EXERCISE DESCRIPTION
Each line in the material below, starting at the one with "Elegant 925 Sterling" and ending at the one with "2022 BMW 3 Series 330e", is to be reproduced exactly; no picture is to be copied.

LISTED ENTRIES
=== Section Start ===

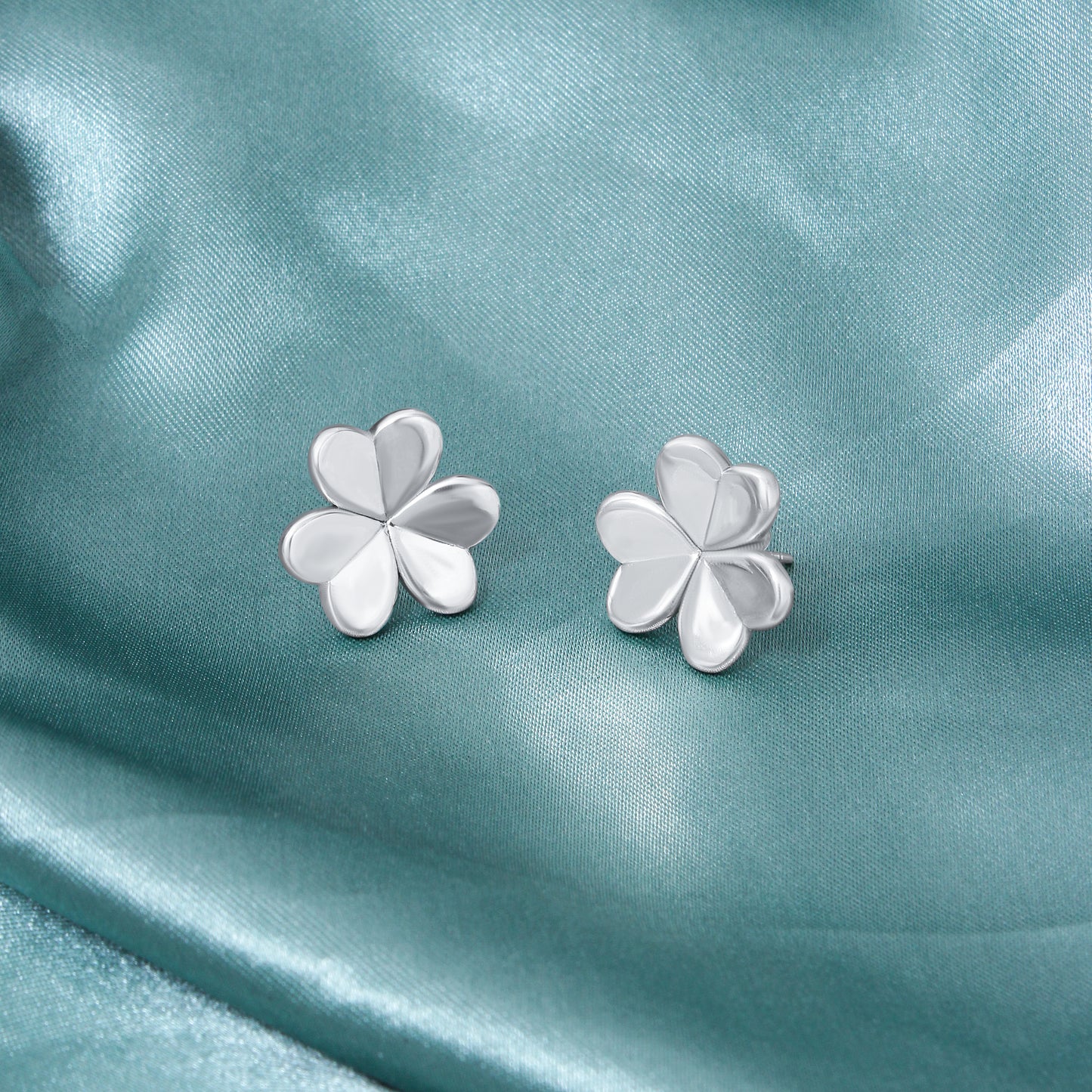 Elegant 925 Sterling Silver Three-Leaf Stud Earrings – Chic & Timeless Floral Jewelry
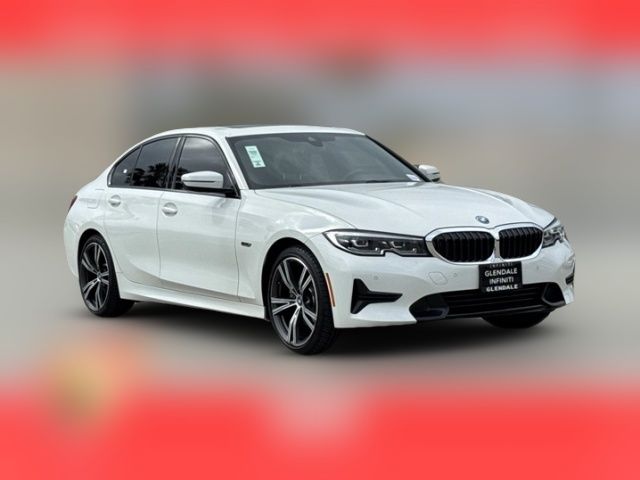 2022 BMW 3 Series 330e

=== Section End ===
=== Section Start ===

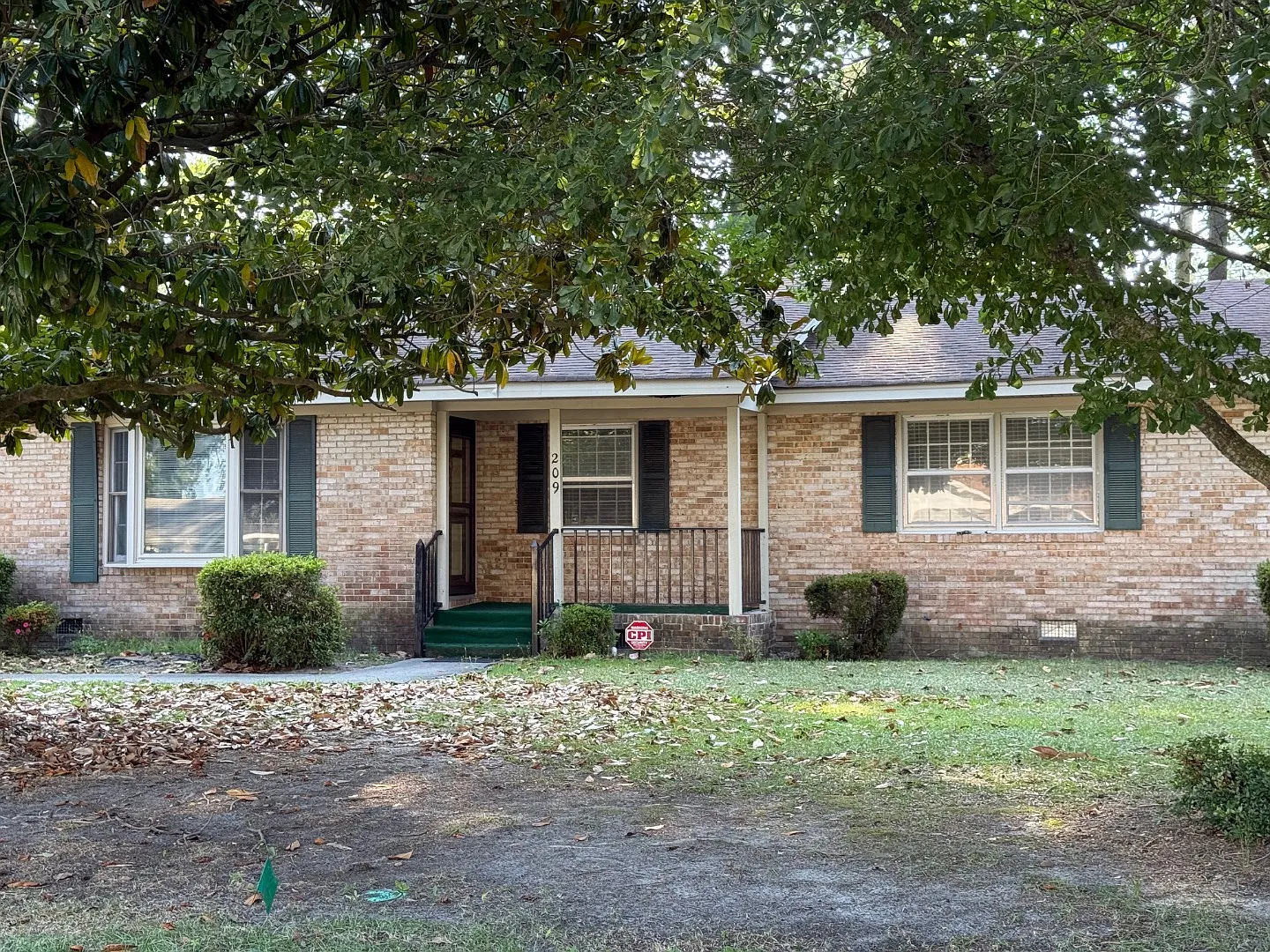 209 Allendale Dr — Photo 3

=== Section End ===

TASK SOLUTION
 Elegant 925 Sterling Silver Three-Leaf Stud Earrings – Chic & Timeless Floral Jewelry
 2022 BMW 3 Series 330e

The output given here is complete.